- What to do: In your reply, repeat the full listing exactly and leave each picture out.

- Material provided:
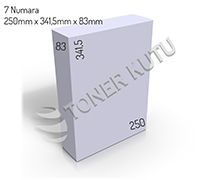 7 Numaralı Toner Kutu
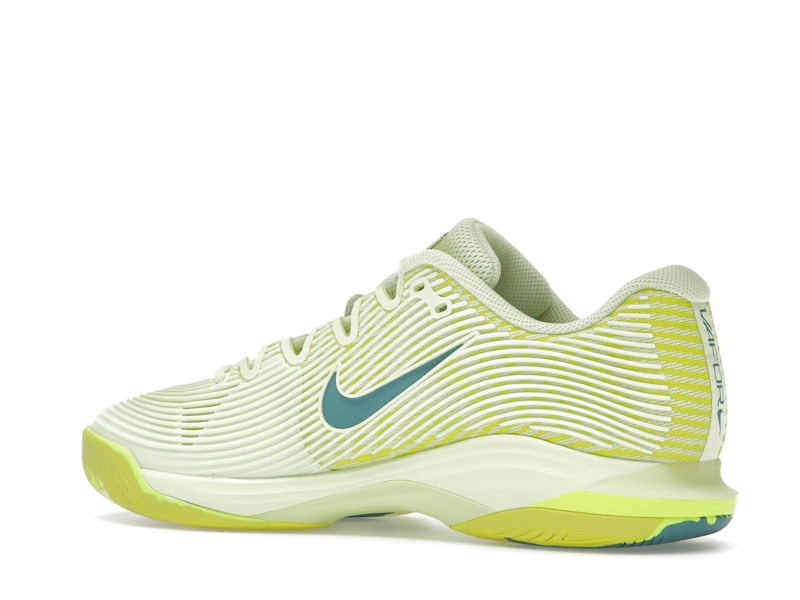 Nike Court Vapor 12 HC Premium Luminous Green High Voltage White Mineral Teal (Women's)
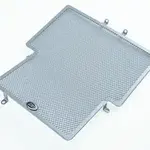 Protection de radiateur R&amp;G RACING titane Triumph Speed Triple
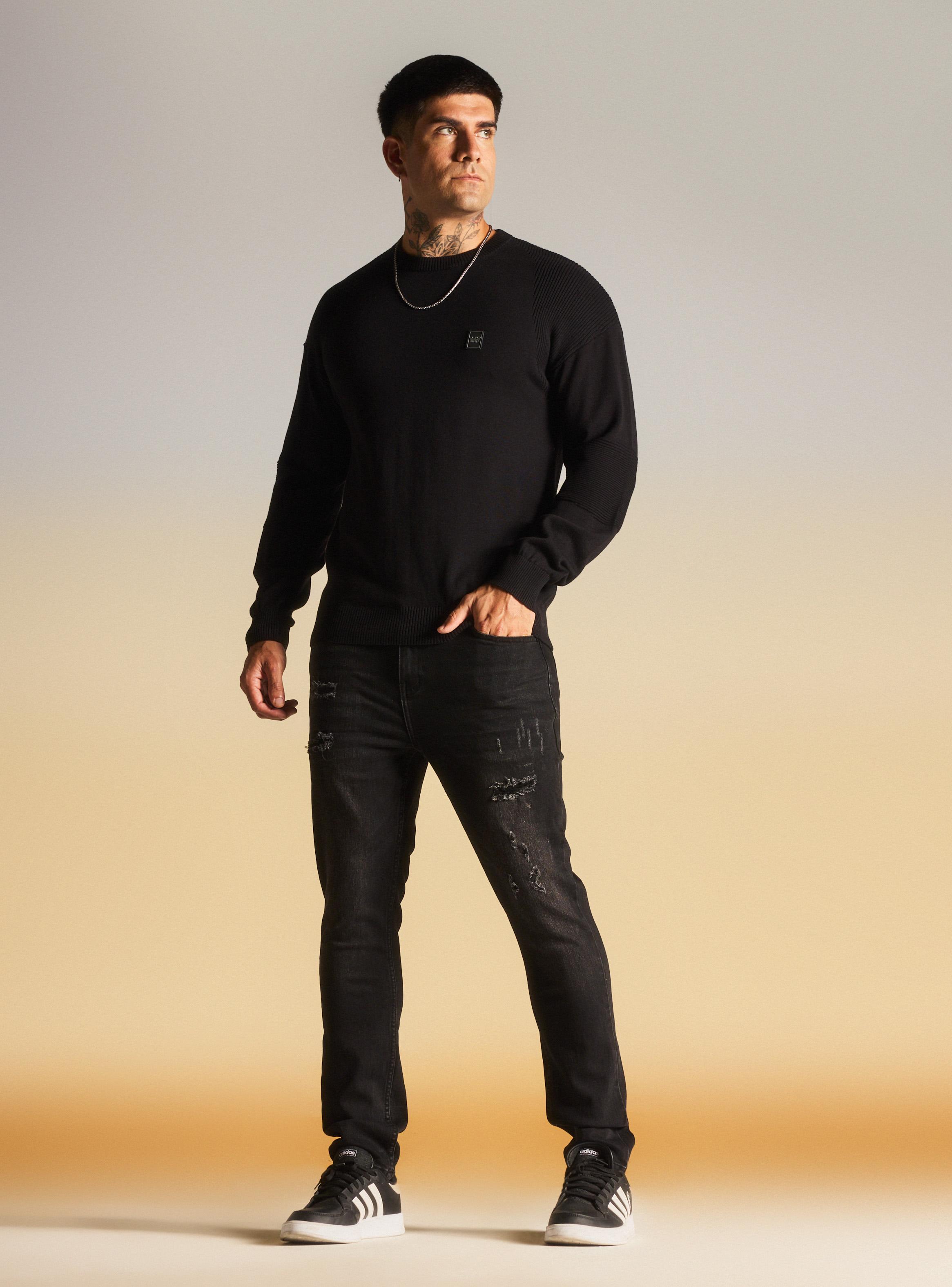 Sweater Multipunto Algodón-4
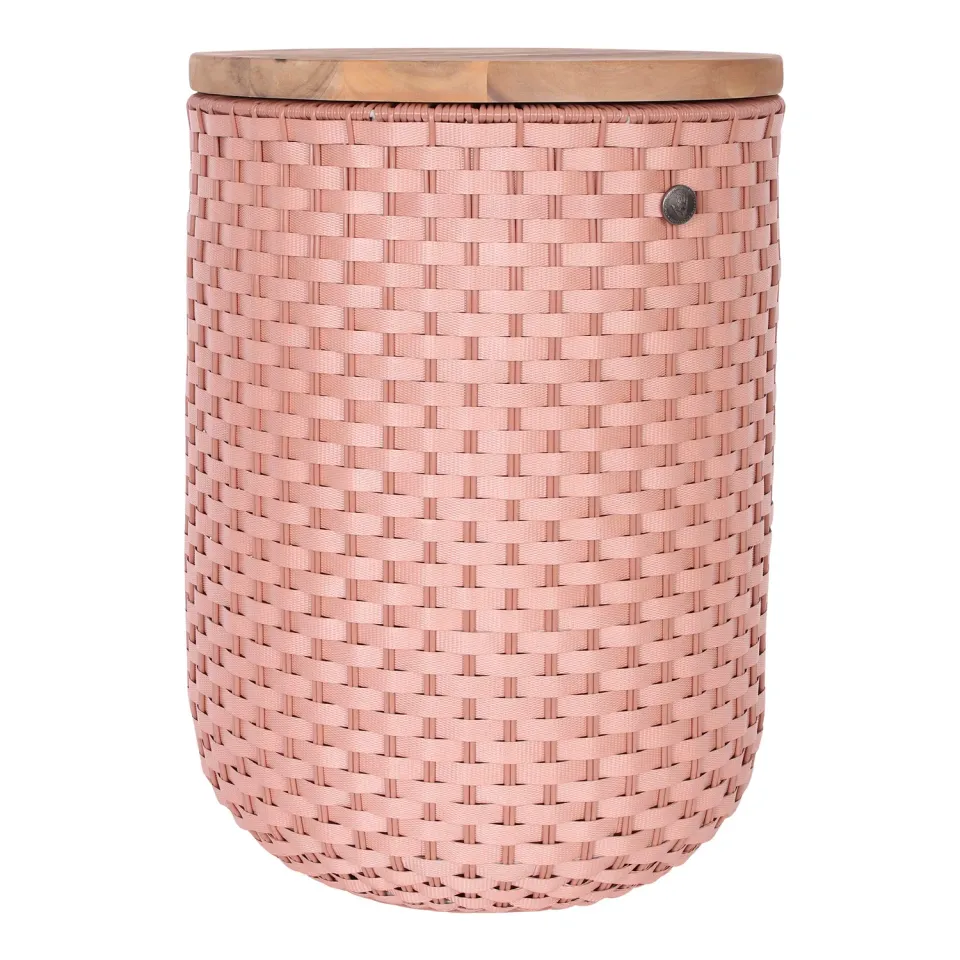 Handed By Halo Sit sidebord krakk oppbevaringskurv resirkulert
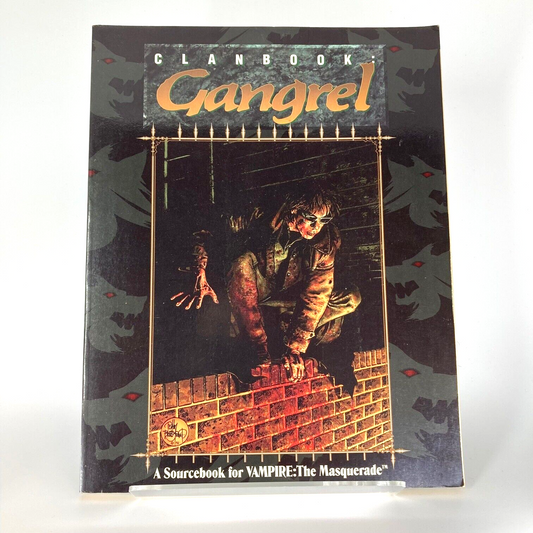 Gangrel - Vampire: The Masquerade Clan Book - White Wolf M1012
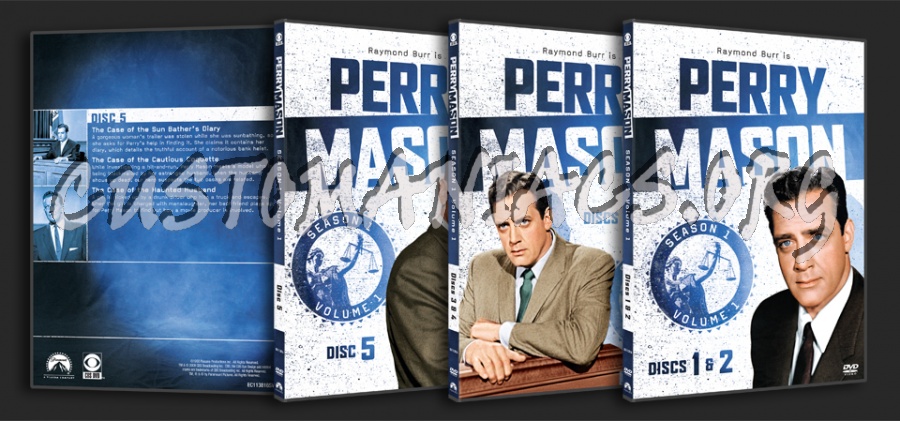 Perry Mason Season 1 volume 1 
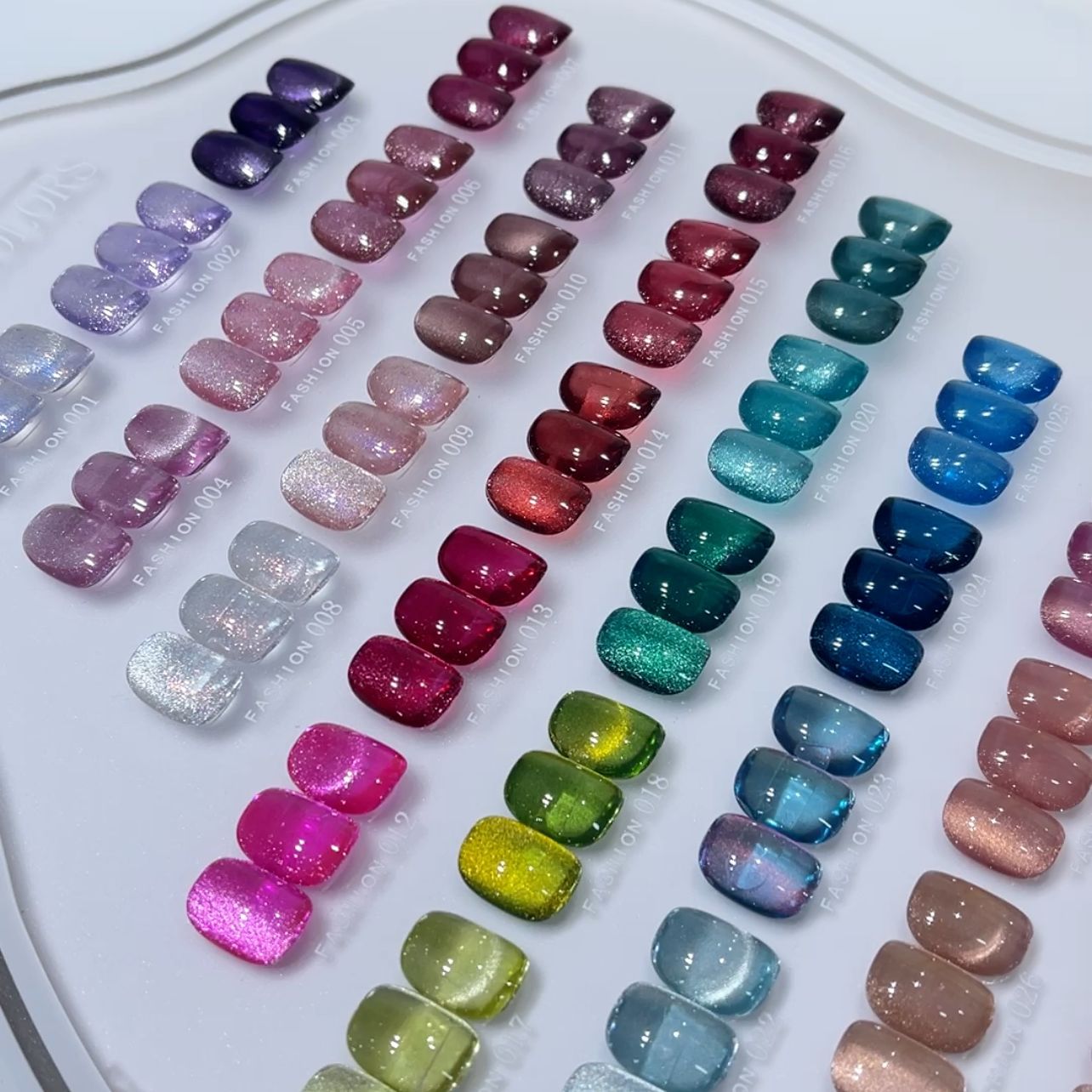 2026 U Omeei Kit de vernis gel - Nail Gel Polish Set avis et prix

- Your response:
 7 Numaralı Toner Kutu
 Nike Court Vapor 12 HC Premium Luminous Green High Voltage White Mineral Teal (Women's)
 Protection de radiateur R&amp;G RACING titane Triumph Speed Triple
 Sweater Multipunto Algodón-4
 Handed By Halo Sit sidebord krakk oppbevaringskurv resirkulert
 Gangrel - Vampire: The Masquerade Clan Book - White Wolf M1012
 Perry Mason Season 1 volume 1 
 2026 U Omeei Kit de vernis gel - Nail Gel Polish Set avis et prix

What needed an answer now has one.